PROBLEM DESCRIPTION: Omit all pictures. Reproduce exactly the lines from the first line of the records below through the line with "Level A Large".

[Opening EXERCISE DATA section]

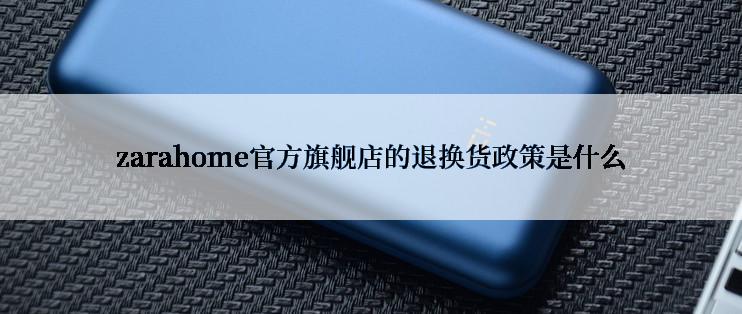 zarahome官方旗舰店的退换货政策是什么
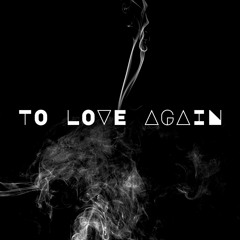 To Love Again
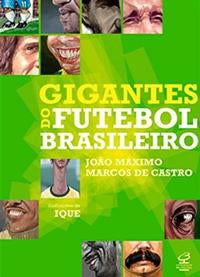 Gigantes do futebol brasileiro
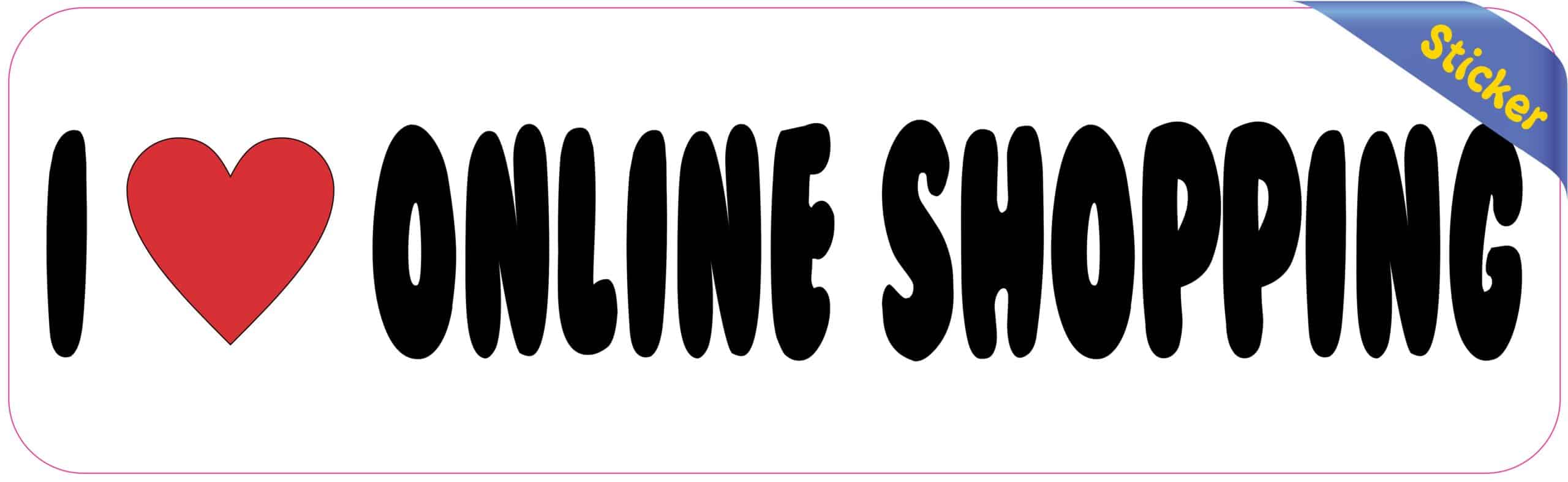 10in x 3in I Love Online Shopping Bumper Sticker Vinyl Hobby Veh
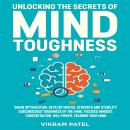 Unlocking the Secrets of Mind Toughness Audiobook
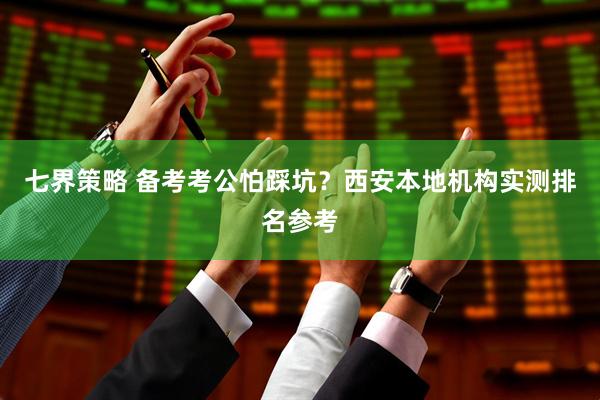 七界策略 备考考公怕踩坑？西安本地机构实测排名参考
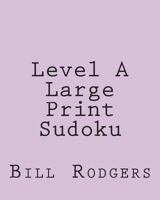 Level A Large Print Sudoku: Fun, Large Print Sudoku Puzzles 1482065185 Book Cover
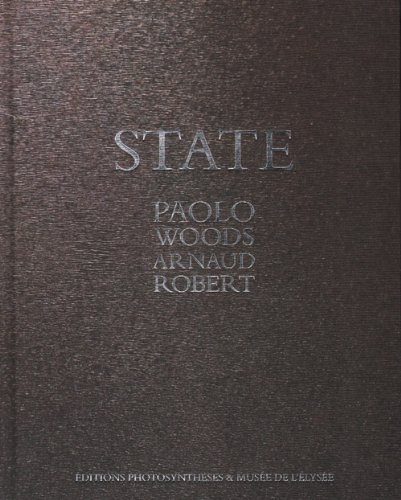 Stock image for Paolo Woods Arnaud Robert: State for sale by ANARTIST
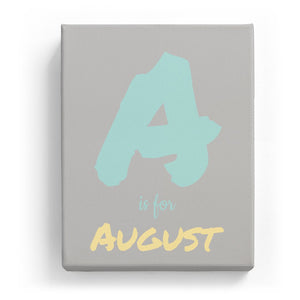 A is for August - Artistic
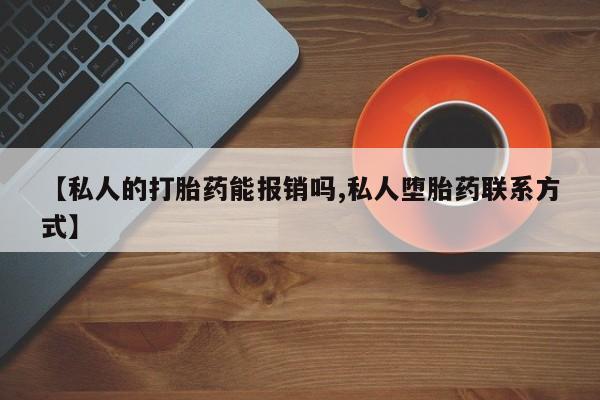 打胎药/堕胎药/流产药私人联系微信【私人的打胎药能报销吗,私人堕胎药联系方式】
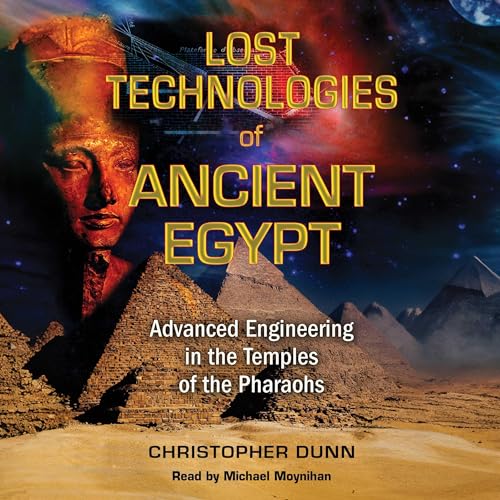 Lost Technologies of Ancient Egypt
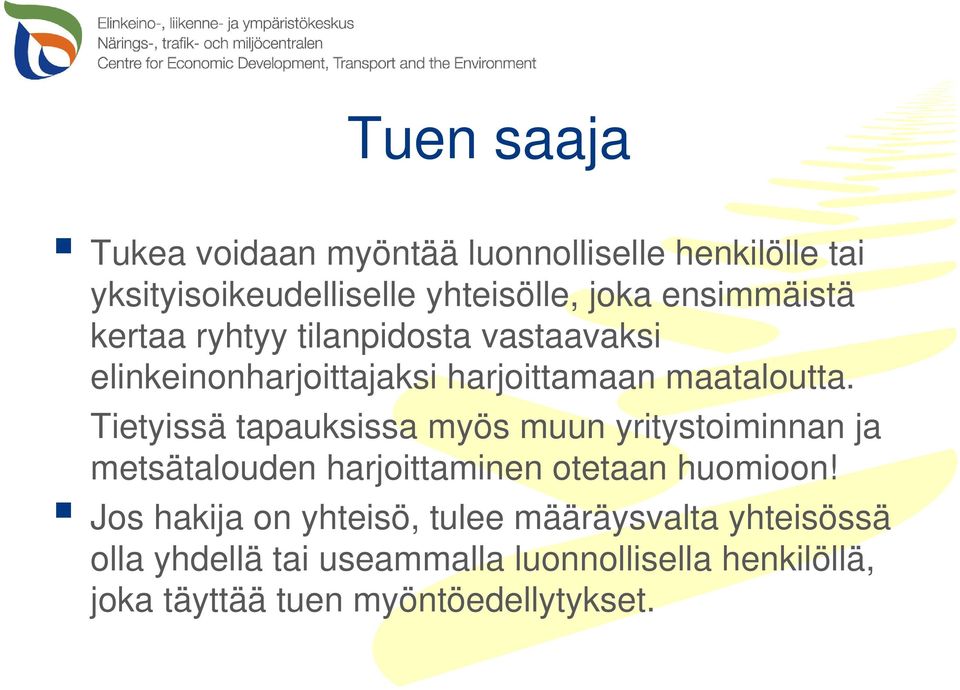 Tietyissä tapauksissa myös muun yritystoiminnan ja metsätalouden harjoittaminen otetaan huomioon!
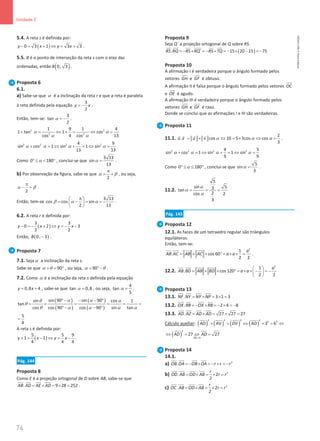 74
Unidade 2
74 Unidade 2 – NEMA11PR (20152608)
5.4. A reta s é definida por:
( )
0 3 1 3 3
y x y x
− = + ⇔ = + .
5.5. B é o ponto de interseção da reta s com o eixo das
ordenadas, então ( )
0, 3
B .
Proposta 6
6.1.
a) Sabe-se que α é a inclinação da reta r e que a reta é paralela
à reta definida pela equação
3
2
y x
= − .
Então, tem-se:
3
tan
2
α = − .
2 2
2 2
1 9 1 4
1 tan 1 cos
cos 4 cos 13
α α
α α
+ = ⇔ +
= ⇔ =
2 2 2 2
4 9
sin cos 1 sin 1 sin
13 13
α α α α
+ = ⇔ + = ⇔ =
Como 0 180
α
° ≤  ° , conclui-se que
3 13
sin
13
α = .
b) Por observação da figura, sabe-se que
2
α β
π
= + , ou seja,
2
α β
π
− =.
Então, tem-se
3 13
cos cos sin
2 13
β α α
π
 
= − = =
 
 
.
6.2. A reta r é definida por:
( )
3 3
0 2 3
2 2
y x y x
− =
− + ⇔ =
− −
Então, ( )
0, 3
B − .
Proposta 7
7.1. Sejaα a inclinação da reta s.
Sabe-se que 90
α θ
+ = ° , ou seja, 90
α θ
= °− .
7.2. Como α é a inclinação da reta s definida pela equação
0,8 4
y x
= + , sabe-se que tan 0,8
α = , ou seja,
4
tan
5
α = .
( )
( )
( )
( )
sin 90 sin 90
sin cos 1
tan
cos cos 90 cos 90 sin tan
α α
θ α
θ
θ α α α α
°− − − °
= = = = = =
°− − °
5
4
=
A reta s é definida por:
( )
5 5 9
1 1
4 4 4
y x y x
+ = − ⇔ = − .
Pág. 144
Proposta 8
Como E é a projeção ortogonal de D sobre AB, sabe-se que
. 9 28 252
AB AD AE AD
= × = × =
 

.
Proposta 9
Seja Q´ a projeção ortogonal de Q sobre RS.
( )
. ´ 15 20 15 75
RS RQ RS RQ RS TQ
=
− × =
− × =
− × − =
−

 

Proposta 10
A afirmação I é verdadeira porque o ângulo formado pelos
vetores GH


e GF

é obtuso.
A afirmação II é falsa porque o ângulo formado pelos vetores OC


e OE

é agudo.
A afirmação III é verdadeira porque o ângulo formado pelos
vetores GH


e GF

é raso.
Donde se conclui que as afirmações I e III são verdadeiras.
Proposta 11
11.1.
2
. cos 10 5 3cos cos
3
u v u v α α α
= × ⇔ = × ⇔ =
   
.
2 2 2 2
4 5
sin cos 1 sin 1 sin
9 9
α α α α
+ = ⇔ + = ⇔ =
Como 0 180
α
° ≤ ≤ ° , conclui-se que
5
sin
3
α = .
11.2.
5
sin 5
3
tan
2
cos 2
3
α
α
α
= = =
Pág. 145
Proposta 12
12.1. As faces de um tetraedro regular são triângulos
equiláteros.
Então, tem-se:
2
1
. cos 60
2 2
a
AB AC AB AC a a
= × × °= × × =
 
  

.
12.2.
2
1
. cos 120
2 2
a
AB BD AB BD a a
 
= × × ° = × × − = −
 
 
   
Proposta 13
13.1. . 3 1 3
NF NY NY NP
= × = × =
 

13.2. . 2 4 8
OX RB OX RB
=− × =− × =−

 
13.3. . 27 27 27
AD AZ AD AD
= × = × =

 
Cálculo auxiliar: ( ) ( ) ( ) ( )
2 2 2 2
2 2
3 6
AD AV DV AD
+ = ⇔ + = ⇔
( )
2
0
27 27
AD
AD AD

⇔ = ⇔ =
Proposta 14
14.1.
a) 2
.
OB OA OB OA r r r
=− × =− × =−
 

b) 2
. 2
2
r
OD AB OD AB r r
= × = × =

 
c) 2
. 2
2
r
OC AB OD AB r r
= × = × =

 
NEMA11PR
©
Porto
Editora
 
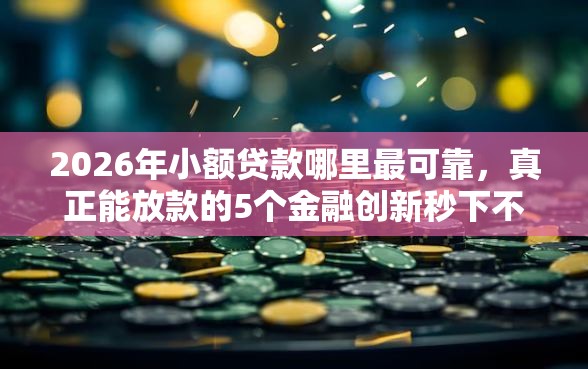 2026年小额贷款哪里最可靠，真正能放款的5个金融创新秒下不要芝麻分的软件推荐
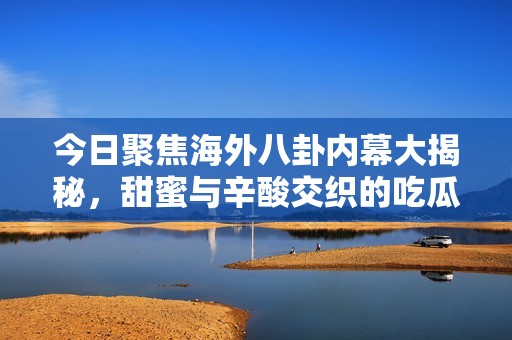 今日聚焦海外八卦內(nèi)幕大揭秘，甜蜜與辛酸交織的吃瓜時(shí)刻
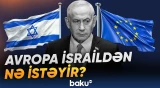 Avropa ilə İsrail münasibətlərində bundan sonra nə gözlənilir? - Baku TV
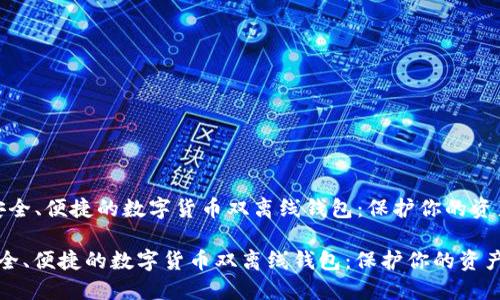 “安全、便捷的数字货币双离线钱包：保护你的资产”

安全、便捷的数字货币双离线钱包：保护你的资产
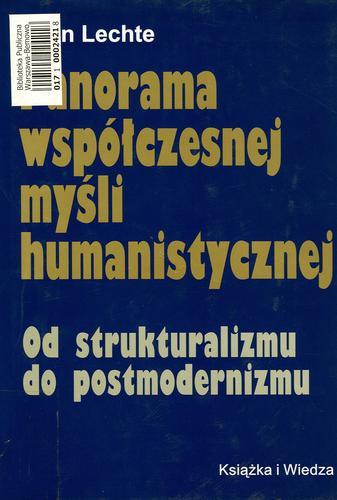 Okładka książki Panorama współczesnej myśli humanistycznej : od strukturalizmu do postmodernizmu / John Lechte ; z ang. przeł. Tadeusz Baszniak.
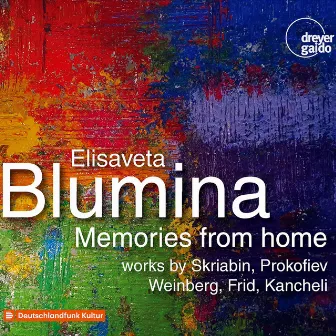 Memories from Home by Elisaveta Blumina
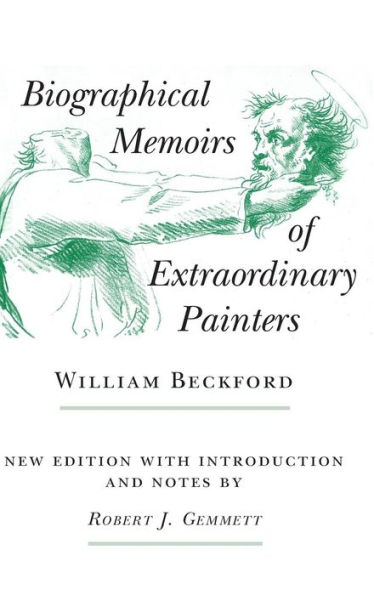 Biographical Memoirs of Extraordinary Painters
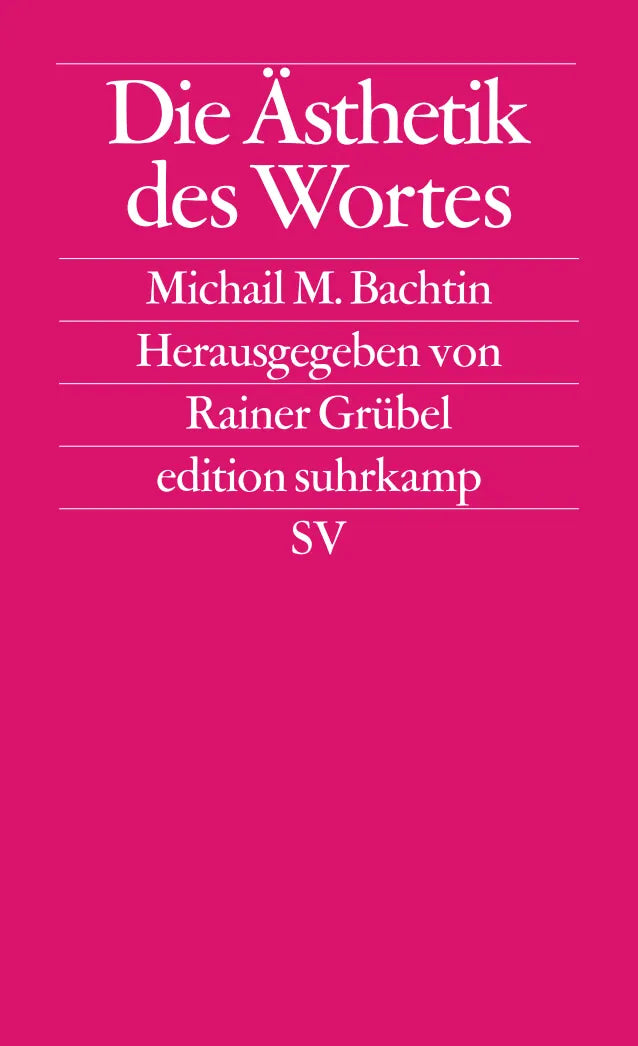 Buchcover von 'Die Ästhetik des Wortes' - Taschenbuch von Michail M. Bachtin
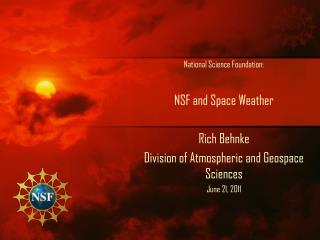 National Science Foundation: NSF and Space Weather Rich Behnke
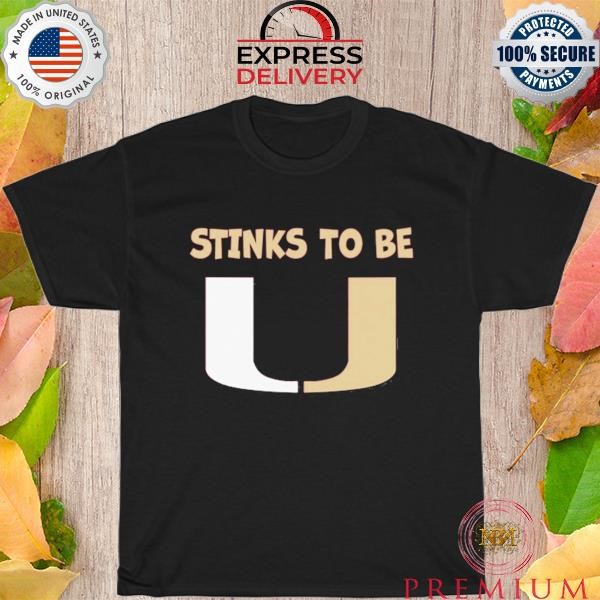 Stinks To Be U Florida State Football shirt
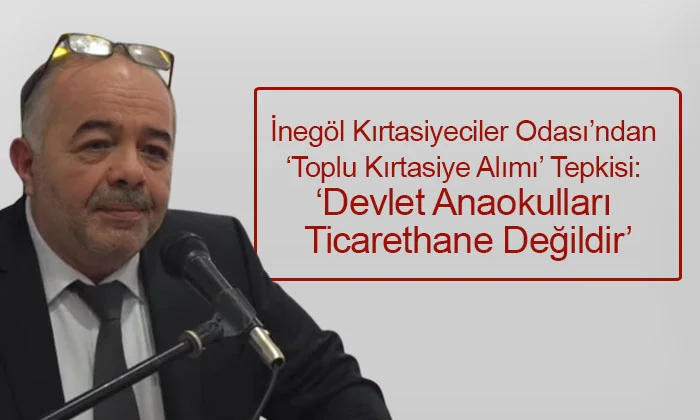 İnegöl Kırtasiyeciler Odası’ndan 'Toplu Kırtasiye Alımı' Tepkisi: 'Devlet Anaokulları Ticarethane Değildir'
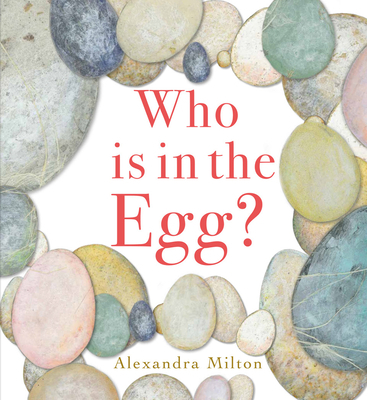 Who Is in the Egg? - Alexandra Milton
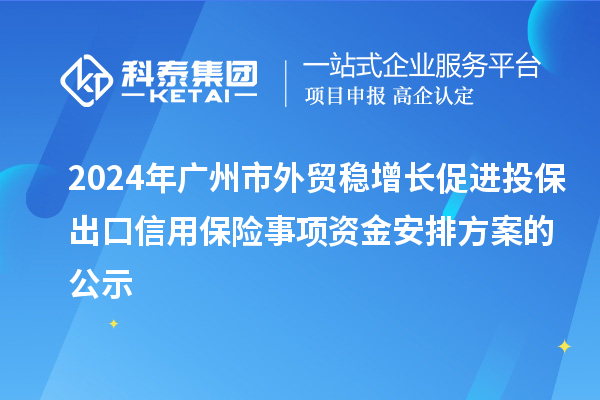 2024年廣州市外貿(mào)穩(wěn)增長促進(jìn)投保出口信用保險(xiǎn)事項(xiàng)資金安排方案的公示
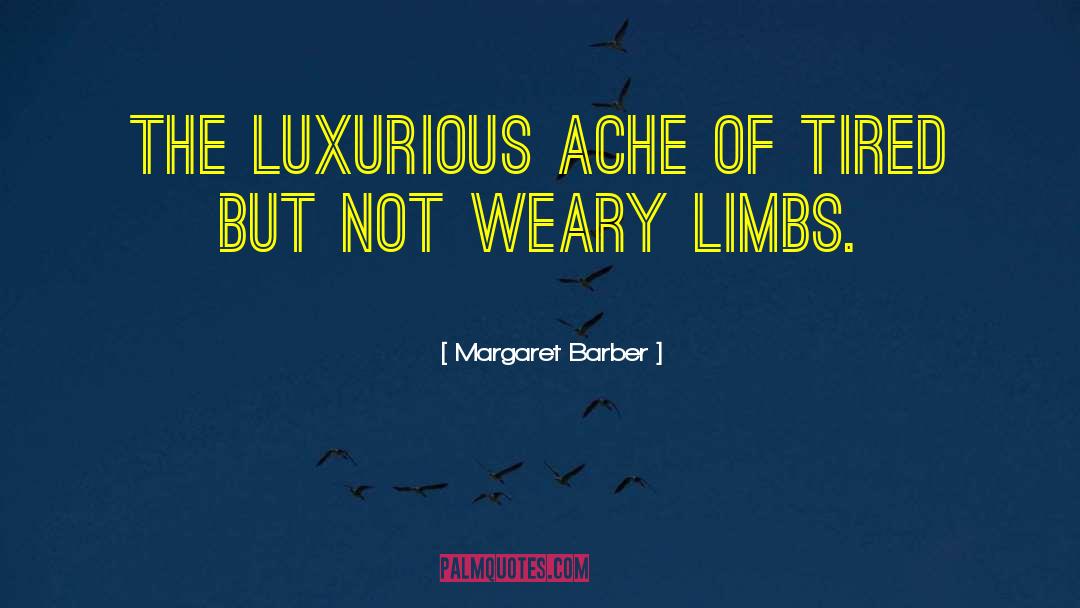 Margaret Barber Quotes: The luxurious ache of tired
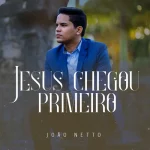 Download João Netto - Jesus Chegou Primeiro (2024)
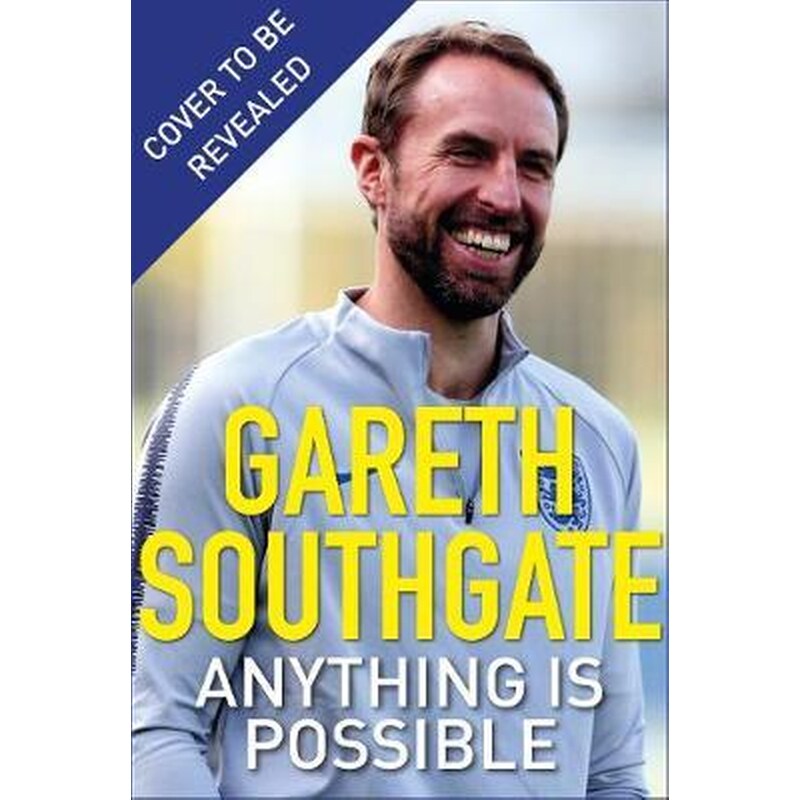 Anything is Possible : Inspirational lessons from the England manager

[Closing EXERCISE DATA section]

RESULT OF THIS TASK:
 zarahome官方旗舰店的退换货政策是什么
 To Love Again
 Gigantes do futebol brasileiro
 10in x 3in I Love Online Shopping Bumper Sticker Vinyl Hobby Veh
 Unlocking the Secrets of Mind Toughness Audiobook
 七界策略 备考考公怕踩坑？西安本地机构实测排名参考
 Level A Large Print Sudoku: Fun, Large Print Sudoku Puzzles 1482065185 Book Cover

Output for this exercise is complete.